The correct answer is (a) 17.
To convert a binary number to decimal, you multiply each digit by the power of 2 corresponding to its position, starting from the right. The position of the rightmost digit is 2^0, the position of the next digit to the left is 2^1, and so on.
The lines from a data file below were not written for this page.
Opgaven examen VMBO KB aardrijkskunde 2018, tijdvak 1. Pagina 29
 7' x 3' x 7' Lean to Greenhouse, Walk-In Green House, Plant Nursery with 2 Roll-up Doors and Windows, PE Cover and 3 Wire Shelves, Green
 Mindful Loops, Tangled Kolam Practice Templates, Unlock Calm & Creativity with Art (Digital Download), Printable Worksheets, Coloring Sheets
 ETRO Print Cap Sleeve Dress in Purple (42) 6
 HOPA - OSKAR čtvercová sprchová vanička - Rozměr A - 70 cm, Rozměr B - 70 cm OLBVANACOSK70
In the binary number 10101, the rightmost digit is 1, so we multiply it by 2^0. The next digit to the left is 0, so we multiply it by 2^1. The next digit to the left is 1, so we multiply it by 2^2. The next digit to the left is 0, so we multiply it by 2^3. And the last digit to the left is 1, so we multiply it by 2^4.
1 * 2^0 = 1
0 * 2^1 = 0
1 * 2^2 = 4
0 * 2^3 = 0
1 * 2^4 = 16
Adding up the products of each digit and its corresponding power of 2, we get 1 + 0 + 4 + 0 + 16 = 17.
Therefore, the decimal equivalent of the binary number 10101 is 17.
Option (b), 37, is incorrect because 37 is not the decimal equivalent of the binary number 10101.
Option (c), 21, is incorrect because 21 is not the decimal equivalent of the binary number 10101.
Option (d), 23, is incorrect because 23 is not the decimal equivalent of the binary number 10101.